Our goal is to identify and cut out bad MJD bins by taking a 3σ-clipped average of each bin. For each bin, we calculate the 3σ-clipped average of any SN measurements falling within that bin and use that average as our flux for that bin. Because the ATLAS survey takes about 4 exposures every 2 days, we usually average together approximately 4 measurements per epoch. However, out of these 4 exposures, only measurements not cut in the previous methods are averaged in the 3σ-clipped average cut. (The exception to this statement would be the case that all 4 measurements are cut in previous methods; in this case, they are averaged anyway and flagged as a bad bin.)

Then we cut any measurements in the SN light curve for the given epoch for which statistics fulfill any of the following criteria: 
- A returned chi-square > 4.0
- Number of measurements averaged < 2
- Number of measurements clipped > 1

For this part of the cleaning, we still need to improve the cutting at the peak of the SN (important epochs are sometimes cut, maybe due to fast rise, etc.).

In [None]:
# Enter the MJD bin size in days:
mjdbinsize = 1

# Should MJD bins with no measurements be translated as NaN (True) 
# or removed from the averaged light curve (False)?
keep_empty_bins = False

# After flux is averaged, average magnitudes are calculated using a flux-to-magnitude conversion.
# Magnitudes are limits if the dmagnitude is NaN. Enter these magnitudes' sigma limit:
flux2mag_sigma_limit = 3

# Enter the bound for a bin's maximum number of clipped measurements
# (if Nclip > Nclip_max, flag day):
Nclip_max = 1

# Enter the bound for a bin's minimum number of good measurements
# (if Ngood < Ngood_min, flag day):
Ngood_min = 2

# Enter the bound for a bin's maximum chi-square (if x2 > x2_max, flag day):
x2_max = 4.0

# Optionally, manually enter the x and y limits for the plot:
xlim_lower = None
xlim_upper = None
ylim_lower = None
ylim_upper = None

In [None]:
# average the light curve

def average_lc(Nclip_max, Ngood_min, x2_max, flag_badday, flag_ixclip, flag_smallnum, mjdbinsize=1, flux2mag_sigma_limit=3.0, keep_empty_bins=True):
    mjd = int(np.amin(lc_info['lc'].t['MJD']))
    mjd_max = int(np.amax(lc_info['lc'].t['MJD']))+1

    good_i = lc_info['lc'].ix_unmasked('Mask', maskval=flag_chisquare|flag_uncertainty)

    while mjd <= mjd_max:
        range_i = lc_info['lc'].ix_inrange(colnames=['MJD'], lowlim=mjd, uplim=mjd+mjdbinsize, exclude_uplim=True)
        range_good_i = AandB(range_i,good_i)

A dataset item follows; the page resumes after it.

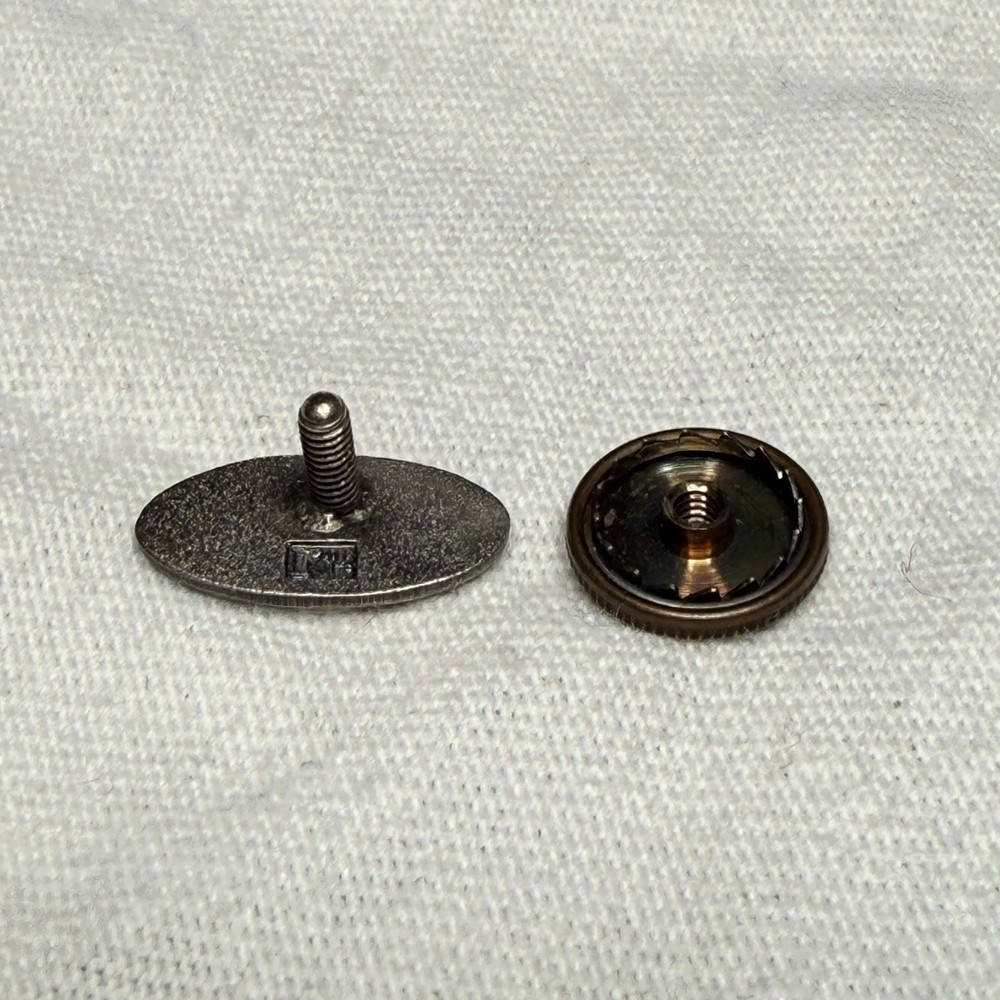 SINGER SEWING MACHINES “Red S” Globe Lapel Pin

        # add new row to avglc if keep_empty_bins or any measurements present
        if keep_empty_bins or len(range_i) >= 1:
            new_row = {'MJDbin':mjd+0.5*mjdbinsize, 'Nclip':0, 'Ngood':0, 'Nexcluded':len(range_i)-len(range_good_i), 'Mask':0}
            avglc_index = lc_info['avglc'].newrow(new_row)
        
        # if no measurements present, flag or skip over day
        if len(range_i) < 1:
            if keep_empty_bins:
                update_mask_col(lc_info['avglc'].t, flag_badday, [avglc_index])
            mjd += mjdbinsize
            continue
        
        # if no good measurements, average values anyway and flag
        if len(range_good_i) < 1:
            # average flux
            lc_info['lc'].calcaverage_sigmacutloop('uJy', noisecol=dflux_colnames[0], indices=range_i, Nsigma=3.0, median_firstiteration=True)
            fluxstatparams = deepcopy(lc_info['lc'].statparams)

            # average mjd
            # SHOULD NOISECOL HERE BE DUJY OR NONE??
            lc_info['lc'].calcaverage_sigmacutloop('MJD', noisecol=dflux_colnames[0], indices=fluxstatparams['ix_good'], Nsigma=0, median_firstiteration=False)
            avg_mjd = lc_info['lc'].statparams['mean']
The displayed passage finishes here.